Most men, I believe, really don't get, either intellectually or viscerally, the degree to which the awareness of sexual assault permeates women's lives.
(Note: I say "most." There are always exceptions to everything.)
Someone I respect a great deal asked to hear more about this, which is really just an excuse, because I was planning on posting this anyway. Instead of talking about Women In General, I'm just going to talk about me ('cause I can do that) and let readers decide how universal my experiences are.
Some baseline information, here: I'm 38 years old, white, middle-class, fairly seriously educated. I've lived most of my life in the MidWest, with an eight year stint in Arizona. I've been in a monogamous relationship for eleven years, married for seven. I'm also overweight, have been since puberty, and I have fairly sizeable breasts. I've never been raped. I've been groped a few times in crowds, had a few "oops, are those your boobs?" moments. I've been hit on at bus stops, had a few uncomfortable moments with guys standing too close, that sort of thing. All of this is just to establish: I've taken no more crap in this arena than any other woman, and a great deal less than some.
It is a very rare day that I don't make at least one decision based on the awareness of sexual assault. Most of them are by now instinctive, and few of them are based only on that awareness, but it is a factor.
If I am home alone, my doors are locked. I have several times gotten up from a nap to check and see if I did indeed lock them. This is in part because I'm usually upstairs, and might not hear someone coming in and stealing my iPod, but it's also because that same person could come upstairs, and no one would hear me. About once every other month or so, I think I hear someone downstairs, and I have to decide what to do about it. The other day, when I was in the toystore with my daughter, I priced baseball bats, just because it would be nice to have something to grab before heading downstairs and making sure what I heard was indeed one of the cats.

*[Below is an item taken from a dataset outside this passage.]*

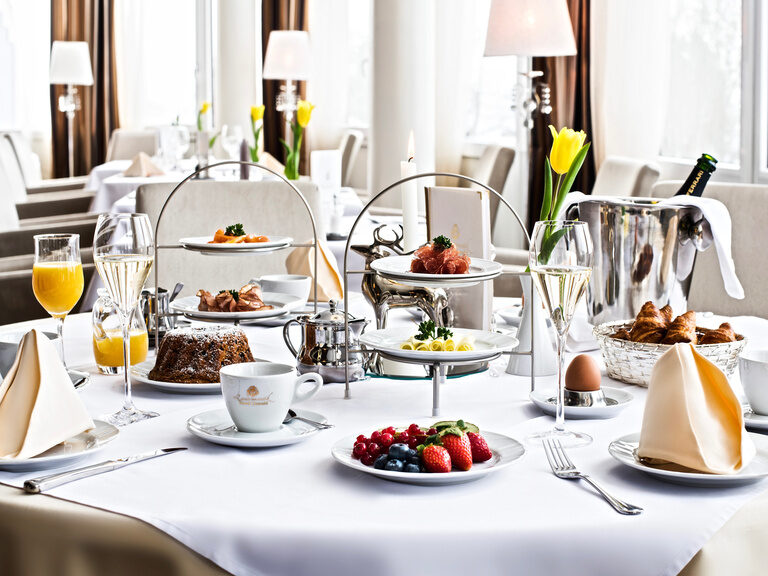 Genussvolles Frühstück im Hotel Oswald mit einem reich gedeckten Tisch und stilvollen Details für einen gelungenen Start in den Tag.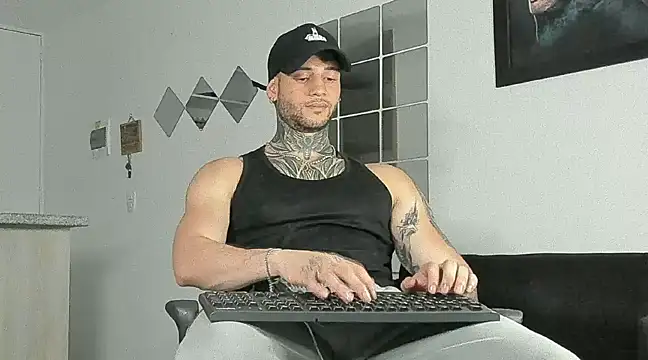  jamesleandros1 online show from 02/22/25, 03:45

I instinctively check my backseat before I get in the car.
When I go into work on weekends to grade, I close and lock my office door. This is seldom for privacy. I do this despite knowing that if security comes by, I'll have to get up to open it so they can verify it's me, whereas if I leave the door open, they'll just wave.
When I go for walks, I take my cell phone with me. I never go for walks at night alone, ever. I might if someone were with me, but not alone.
I seldom take stairs when the stairwells are completely enclosed, and never for more than a flight. A friend of mine was raped in one of those.
In my entire eight years teaching at ASU, I taught exactly one night class, and that was after I was living with slashspouse and knew he could come pick me up. The year I tutored at night, I used the campus safety escort to get me the whole half mile to my apartment. This frequently added as much as an hour to my night.
I've been heckled by guys on the street about my breasts. It is only in recent years that I've gotten over an aversion to any clothes that show cleavage. When I was 19, I got a phone call from a guy asking me to do nude modeling. I said no, and two nights later got an obscene phone call that referenced my breasts. It was fairly obviously someone from my summer job. I don't know what would have happened if I'd said yes to the modeling job. Maybe nothing, maybe just a prank. But I carried an exacto knife in my purse the rest of the summer.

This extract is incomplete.